● Excerpted data
--

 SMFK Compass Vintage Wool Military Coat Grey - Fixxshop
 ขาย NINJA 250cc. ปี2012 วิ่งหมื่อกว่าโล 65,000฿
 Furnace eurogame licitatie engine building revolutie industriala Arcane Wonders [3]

--

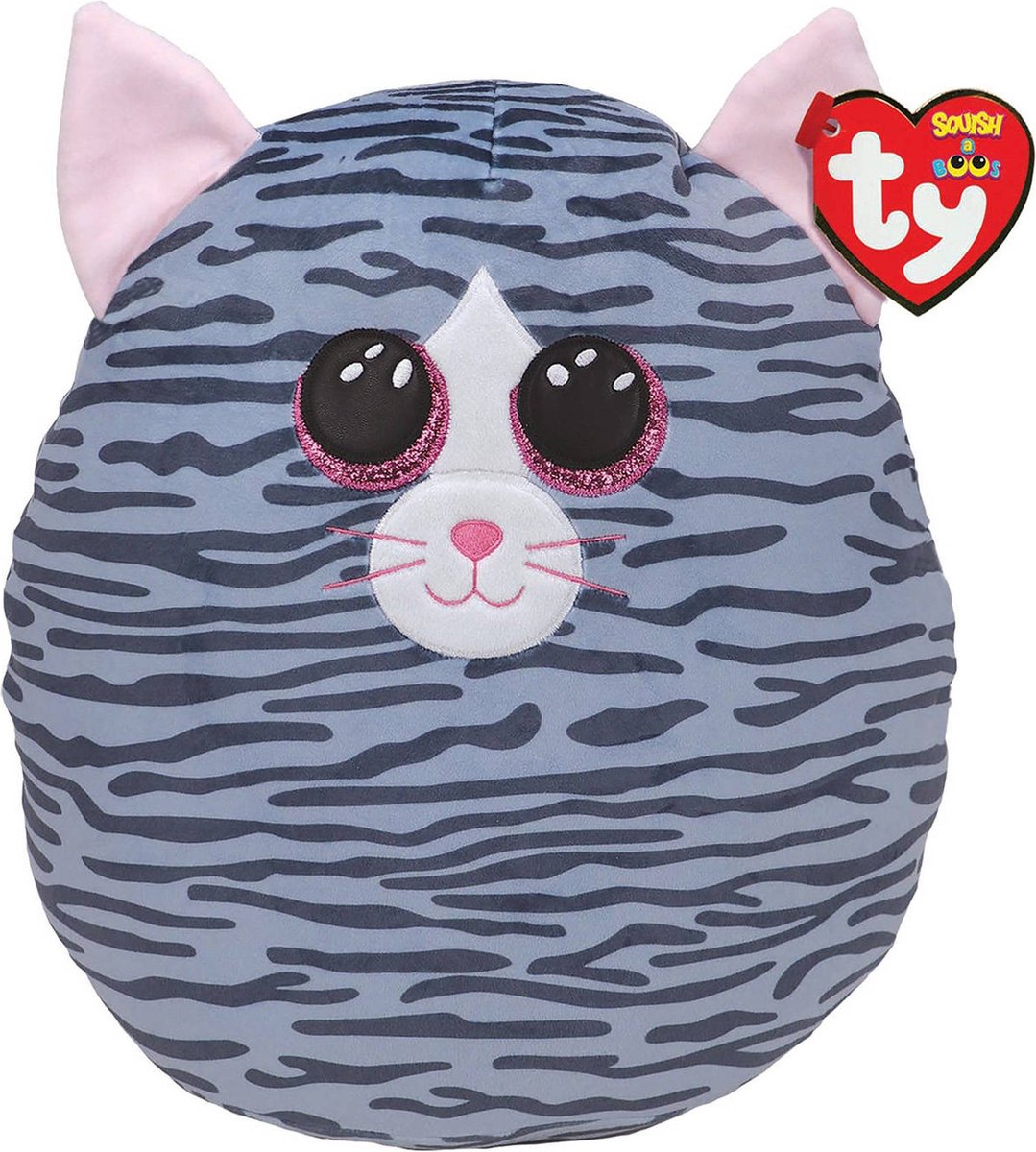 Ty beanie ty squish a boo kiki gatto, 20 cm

--

● What you should do
Look above for the line with "ขาย NINJA 250cc." and the line with "Furnace eurogame licitatie". Retype those two lines and every line between them exactly, adding nothing.

● Result for this exercise
 ขาย NINJA 250cc. ปี2012 วิ่งหมื่อกว่าโล 65,000฿
 Furnace eurogame licitatie engine building revolutie industriala Arcane Wonders [3]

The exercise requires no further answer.